Made embedding_dim configurable based on vocab

allenai / deep_qa

A deep NLP library, based on Keras / tf, focused on question answering (but useful for other NLP too)

Apache License 2.0

404 stars 133 forks source link

Made embedding_dim configurable based on vocab #262

Closed matt-gardner closed 7 years ago

matt-gardner commented 7 years ago

I also changed embedding_size to embedding_dim, which is why this PR touched so many files. The main difference is in text_trainer.py. And while I was at it, I updated a couple of tests to add a new convenience method I added a few PRs ago, and that revealed some problems in _set_max_lengths_from_model, which I also fixed.

And I removed a test that I didn't think was necessary anymore, because we don't really use the multiple choice memory network - I didn't want to do the work necessary to make the test pass with this new set up.

nelson-liu commented 7 years ago

And I removed a test that I didn't think was necessary anymore, because we don't really use the multiple choice memory network - I didn't want to do the work necessary to make the test pass with this new set up.

So the multiple choice memory network is broken, or just the test?

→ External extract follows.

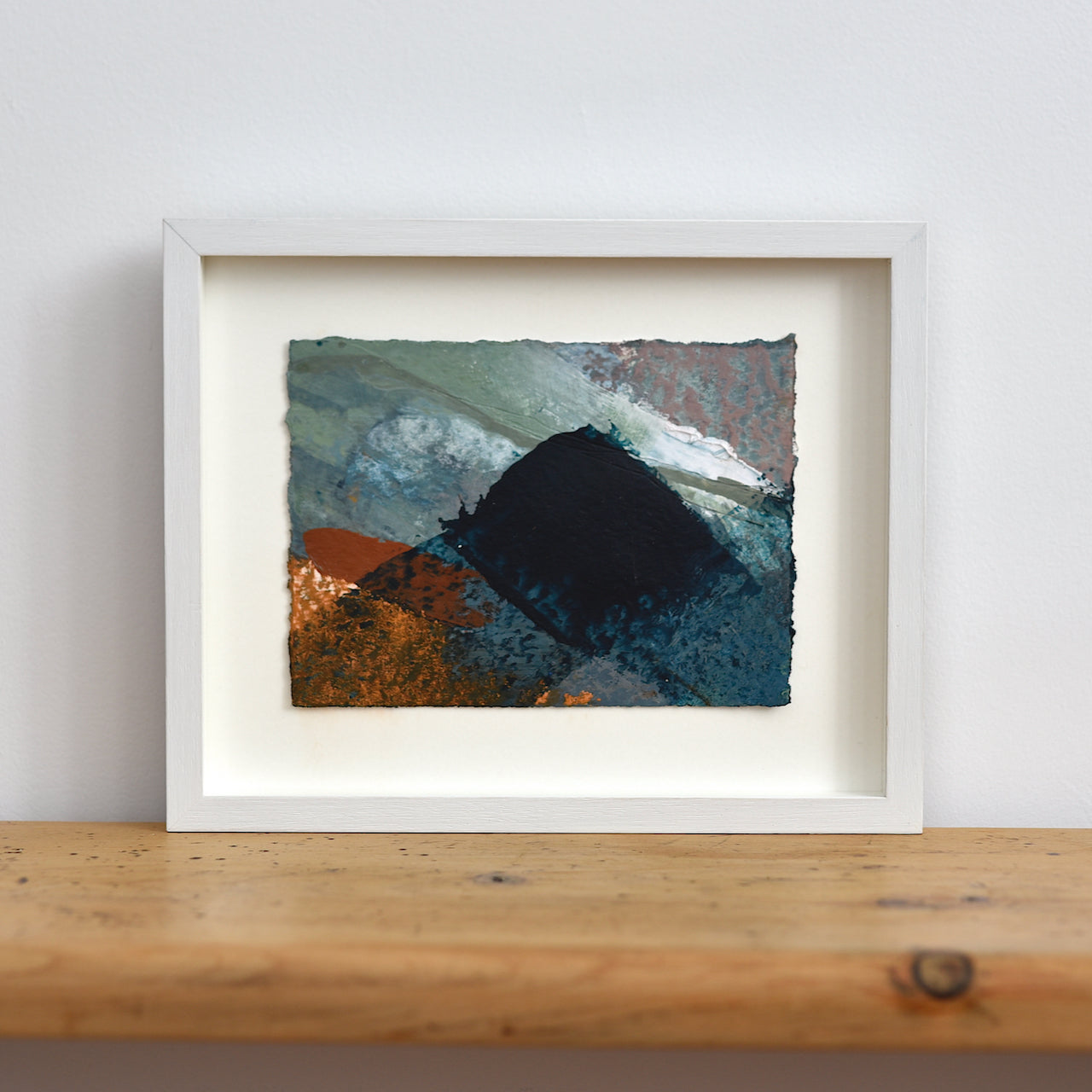 Abstract mixed media painting of blue and orange tones by UK artist Alice Robinson-Carter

matt-gardner commented 7 years ago

The memory network code is at the moment incompatible with the words and characters tokenizer, if you use a bag of words encoder, because of encoding dimension stuff. It still works with other tokenizers, as the tests I left in show. I figured it wasn't worth the time to make that old code compatible with words and characters tokenizers.

nelson-liu commented 7 years ago

The memory network code is at the moment incompatible with the words and characters tokenizer, if you use a bag of words encoder, because of encoding dimension stuff.

ok, that should be mentioned somewhere appropriate...not sure where though

matt-gardner commented 7 years ago

I also just realized I forgot to update all of the example experiments to use the new parameter specification. I'll do that in another PR, in which I'm also updating bidaf_squad.json to use more sane parameters.